The project is part of a global initiative to reduce adult and child onset chronic disease and foster health and wellness. Called Hishuk-ish tsawalk (everything is one, everything is connected): Using two-eyed seeing to optimize healthy early life trajectories for Indigenous Peoples, its goal is to optimize health and wellness among Indigenous children by optimizing development from conception through infancy to adolescence.
Optimizing children’s early environment will help to reduce the risks of chronic disease outcomes including mental health, anxiety, depression, substance use and suicide, and cardio-metabolic diseases, such as obesity, type-2 diabetes and heart disease.
The project is being led by NTC Director of Health Lynnette Lucas, who is also an SFU FHS adjunct professor, and NTC Manager of Nursing Services Jeannette Watts, together with SFU FHS researchers Pablo Nepomnaschy, Jeff Reading, Charlotte Waddell and Scott Venners, and FNHA Chief Medical Officer Evan Adams.
Says Lucas: “As Mi’kmaq Elder Albert Marshall describes, ‘two-eyed seeing’ is an approach that uses the best strengths of both Indigenous and Western scientific ways of knowing for the benefit of all.
“Two-eyed seeing will inform all of our work. We are also guided by the FNHA’s strengths-based perspective on health and wellness, which encourages us to acknowledge challenges such as the ongoing legacy of colonialism, while also building the conditions for fostering resilience.”
She says the NTC’s support and leadership for the project builds on a long history of research and ethical advocacy. Combining resources from the FNHA, SFU and other academic institutions, she adds, helps to integrate First Nations’ ancient ways of knowing and creating knowledge, with academic health sciences and health services.
The project is designed from the bottom up, respecting the nation-based and community-driven principles of the FNHA’s approach to work.

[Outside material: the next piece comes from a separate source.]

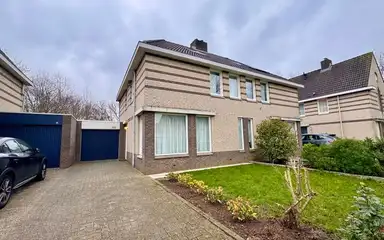 154m2 house to rent for 2050€/month in Praaglaan, Maastricht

All agree that Indigenous children’s early environments should include immersion in traditional knowledge, culture and language in community and on the land, and in early childhood education.
“It is very exciting to see indigenous perspectives and approaches placed at the center of health research, the benefits of this will be felt for generations to come,” says FNHA Chief Medical Officer Dr. Evan Adams.
The research team will build on Nuu-Chah-Nulth’s strengths and promote resilience by using both Indigenous knowledge and Western scientific methods to evaluate existing early child health and parenting programs, and to inform the development and evaluation of new programs.
As well, students and community researchers involved in the project will obtain training while participating in public health research and policy development, which creates opportunities for future leadership.
The project has received one of three Indigenous Healthy Life Trajectory Initiative (I-HeLTI) team grants from the Canadian Institutes of Health Research (CIHR).
With more than $1 million in funding over two years, researchers from SFU, UBC and the University of Victoria will collaborate with the FNHA and other partners, including the Indigenous Health Education Access Research Training Centre (I-HEART) and UBC-Providence Health’s Centre for Heart Lung Innovation (HLI).
Says Lucas, “We hope that our findings will benefit all children and families in our NTC communities, as well as Indigenous and other children and families more broadly.”